Pretty Speeches Only Take Us So Far

By Jim Van Der Pol

My hopeful letter to the President:

“Mr. Obama, you don’t understand the working class, which means that you don’t understand the majority of the American people, white, black and brown. You get it about Professor Gates and about Sonia Sotomayor, or Clarence Thomas, Kanye West and Serena Williams. Those are all issues of race, with which you are comfortable and not class, with which you are not.

Your lack of this familiarity with working people shows up in your handling of the health care issue. You start giving away the store by announcing yourself not interested in single-payer health care. Sir, no one gives up the bargain at the outset. Anyone who has ever bargained for a better price on a used car knows that you start the dickering with a low number, even one unrealistically low. Then you make every adjustment up cost the opposition (seller in this case) something. Your goal is to weary him into selling the machine to you for a bit less than he would like to have. This does not cheat anyone; it is simply the way things are done. Working people know this.

And you talk of bipartisanship. This puzzles working class supporters. We elected you with a nice margin, gave the House and the Senate pretty much completely over to the Democrats and what happens? The Republicans, who have destroyed their own party in taking the country down the wrong path, are not people to provide guidance at this point. They are, at best, confused. Don’t assume that the other person in the argument is as ethical and high minded as you are, for they often are not. This is a mistake, and often a costly one. Everyone knows this. How did you avoid learning it?

And there is your tendency to make pretty speeches, and I will freely admit, sir, that you are good at it, often breathtakingly so. But you appear to believe that speeches will win the day. This is not so. The day is won by the exercise of power. This power we handed you at election time. It has to do not so much with what you say in a speech as it does with what you say and do in private meetings with majority leader Reid and Speaker Pelosi and other leaders in the Congress. Working people know about power, because we don’t have any. The boss has it all. We find it hard to understand why Reid and Pelosi have not been tasked with getting the party in order, disciplining the blue dogs and other reluctant types and getting a health care bill passed. The filibuster is no excuse. That should have died several years ago when the Republicans threatened to kill it. The Democrats could kill it now. It would be a service to the Constitution and the country.

Then there is the giveaway to Wall Street. If the working class were unanimous about anything, it might very well be in despising this. Economists, especially including Summers and Geithner at your house, seem to be the only Americans in favor of it. We the people on the other hand, see criminals getting away with tax money handouts after decades of accumulating wealth (our wealth) by selling our country down the river with free trade. Wall Street got the money, not folks behind on their mortgages. GM and Chrysler got rescued while their workers and other workers in the auto component industry got left on their own. And why do you not use the real measure of unemployment instead of the Clinton era construct? The real one stands at more than 15%. Hearing this number quoted and watched and then improved like the miserable Dow Jones average is would be a breath of fresh air indeed!

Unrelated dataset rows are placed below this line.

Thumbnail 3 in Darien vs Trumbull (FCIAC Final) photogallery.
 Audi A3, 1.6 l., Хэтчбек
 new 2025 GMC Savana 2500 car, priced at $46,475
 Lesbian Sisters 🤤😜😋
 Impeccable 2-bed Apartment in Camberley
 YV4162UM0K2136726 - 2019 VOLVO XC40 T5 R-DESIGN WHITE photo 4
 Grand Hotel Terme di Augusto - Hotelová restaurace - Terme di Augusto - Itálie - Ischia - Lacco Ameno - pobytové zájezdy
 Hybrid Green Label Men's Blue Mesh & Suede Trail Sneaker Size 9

You appear to be tone deaf in these matters. Why does it seem to be easier to publicly take health care advice from Ron Williams, whose claim to fame is his bringing his health insurance company back to financial health partly by jettisoning undesirable customers, than to listen to the hundreds of serious medical practitioners who have thought long and hard about the problem and are trying to be heard? Single payer advocates are not seen talking to you. Doctors and nurses are not seen in the White House. They are not even welcome in Baucus’s Senate Finance committee. Why not? And why are you seen playing an extended golf game with the CEO of UBS of Switzerland, a bank that is responsible for enabling hundreds of wealthy American tax dodgers while the budget cannot afford health care? Why not instead an American spokesman or woman for public health or the American education or labor community?

Finally, a word about the conservative/birther/nativist groups demonstrating, so to speak, against health care. What you see there is the white and somewhat elderly, as well as rural and southern wing of the working class. Yes, it is racist. Don’t pretend otherwise. America is deeply racist at all levels, and the working class has been controlled for centuries now by dividing it against itself by color. What more would you expect? We take it in with our mother’s milk. And yes, it is dangerous. Fascism is at work there. It can be seen in the lack of willingness to think and debate, the slogans, the religious undertones and the patriotic fervor. Many of these folks would be well satisfied with government in a military uniform. For too many of us in the working class, the only satisfying experience in our lives has been participation in the country’s endless war, as horrifying as that is. The working class fights the nation’s wars and dies in them. It is not surprising to see it trying to take some pride in that.

The countries in Europe know about fascism, as William Greider has pointed out in his book Come Home, America. They have lived first hand with its savagery and have taken steps to make sure that everyone in their societies has a voice in matters of importance, especially including economic matters, to try to avoid it happening again. You need to lead us into developing similar structures. Powerless people are dangerous people, and that is what you see in the streets now. You can start by an honest effort to speak for us. Please, Mr. President, exercise the power we gave you and let the chips fall where they may.”

Jim Van Der Pol farms near Kerkhoven, Minn.